Finch now saw a new kind of life, the life of shopgirls and their beaux seeking pleasure at night in cheap restaurants. On the mornings when the orchestra had an engagement to play that evening, he awoke with a start, excited in all his being. The way had always been paved the night before with his family. Poor Mrs. St. John wanted George to spend the night at her house and would like to have Finch also. There was never any difficulty. Finch found it was the easiest thing in the world to lead a double life. Aunt Augusta would send a box of little cakes or a pot of marmalade to Mrs. St. John. His aunt, though she looked at him coldly, her head drawn back with her air of offence, had a tender spot in her heart for the boy. To his amazement, he had won the prize canary in the raffle, and had smuggled the cage to her room, swathed in paper, a present for her on her seventy-sixth birthday. It had come as an inspiration to him that the day on which he had received it was her birthday. She had told him that his winning the lottery was a good omen for his future. The two were drawn together. He often visited her room to see the canary, and they gloated over the prize together. She soon grew to love it extravagantly. Now she must always keep the door of her room shut tightly for fear old Mrs. Whiteoak should hear it sing. Grandmother would never have tolerated any other bird in the house with Boney. Then there was the feat of Sasha, Ernest’s yellow Persian cat, who had taken to making her toilette on Augusta’s doormat. Ernest also grew fond of the canary.

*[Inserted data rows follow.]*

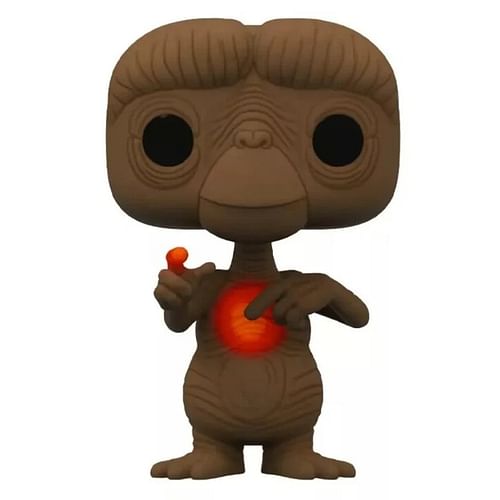 Obrázok Figurka E.T. with glowing Hearth Funko POP!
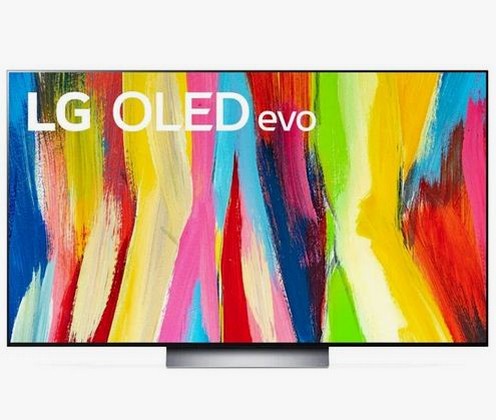 55" LG OLED55C2RLA 2022 HDR, OLED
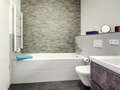Wohnung München Obersendling 02 Badezimmer 9748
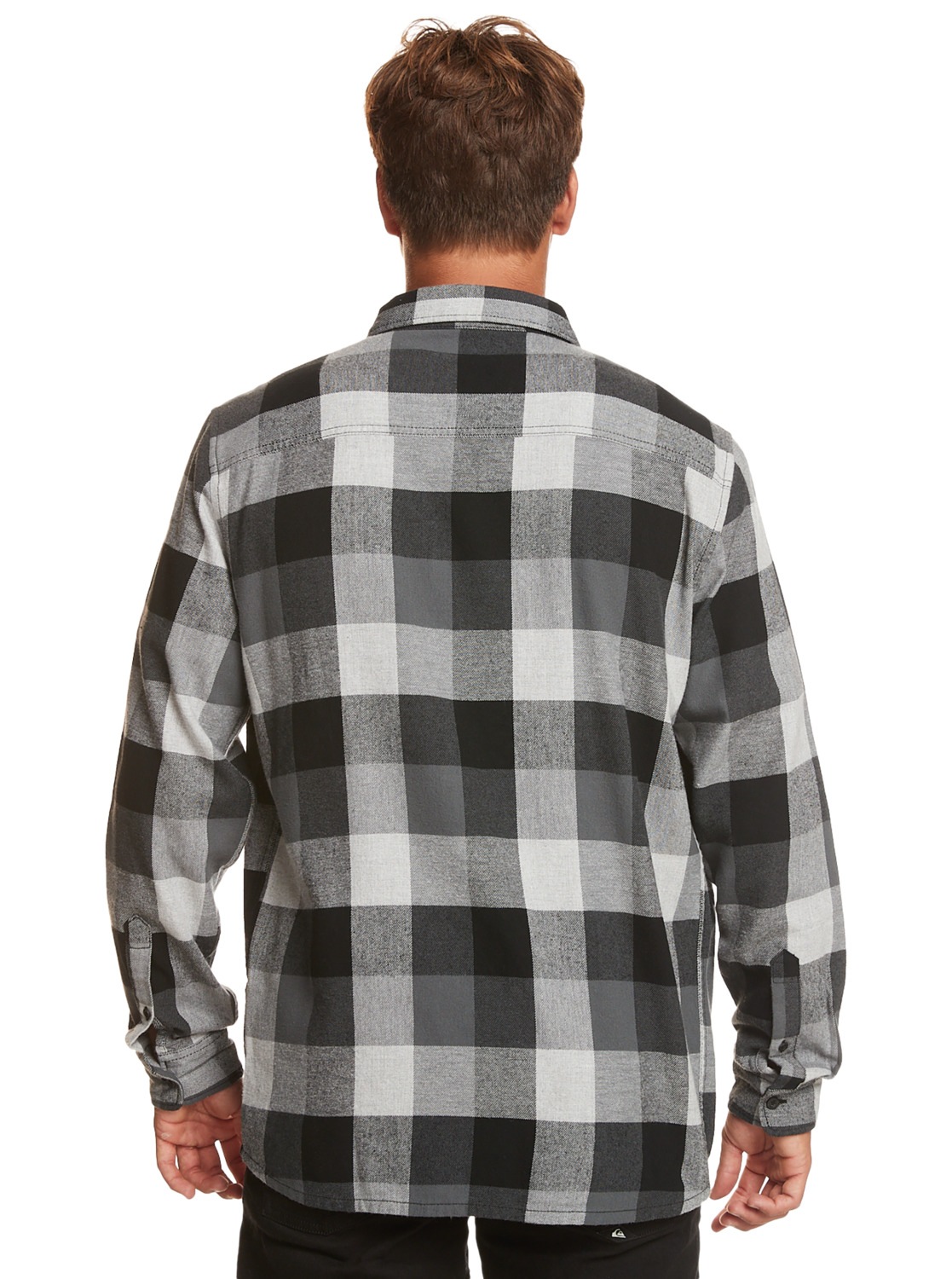Quiksilver Langarmhemd »Motherfly«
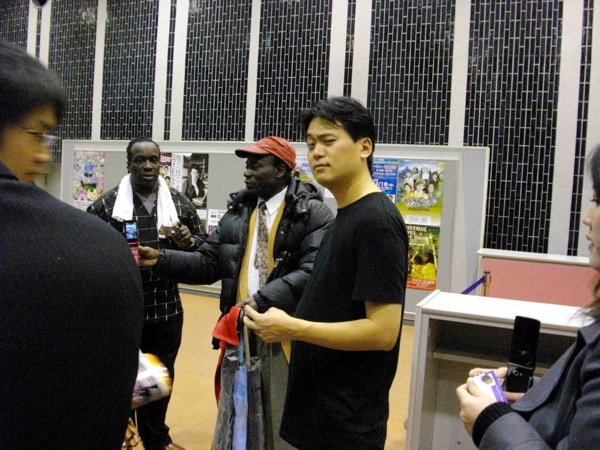 Shinya Cool Chiba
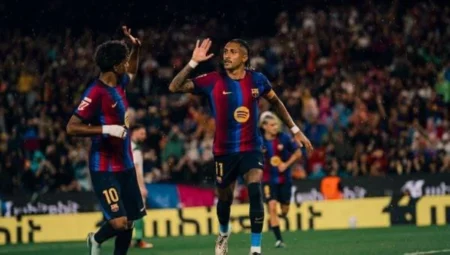برشلونة يطارد رقماً قياسياً لريال مدريد صامد منذ 14 عاماً بـ 31 هدفاً في 7 مباريات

He too would go to his sister’s room to hear it sing, and they would gaze enraptured at the little throbbing body while it dipped its yellow head from side to side, warbling first to one long-faced listener, then to the other.
These days Finch lived in a kind of haze. He felt life changing all around him. New forces were drawing him this way and that. At times he felt an aching in his breast that was almost a pain, a yearning for what he knew not. Not for religion. Not for love—he had not attempted to make love to Ada again—but for something of which religion and love were only a part. His eyes were troubled, he grew thinner. Yet he was always hungry. On the days when there was no practice of the orchestra, he would go, after the school luncheon, to a large shop much frequented by the boys when they were in funds. There he would wander up and down past the glittering glass cases of tempting foods displayed; platters of ham and tongue; fiery red lobsters, and little pink shrimps; he would droop over the case of cheeses, fascinated. The cream cheese, Swiss cheese, Camembert, Roquefort, Oka, the dear little cheeses made by the Trappist monks in Quebec. He thought he should like to be a monk working in the cool rooms of the monastery, and he would buy this particular cheese, though he did not much like it, because of the thought it brought. And at the other side of the shop would be George, giving his money for cakes and chocolates, and bottled fruit from California.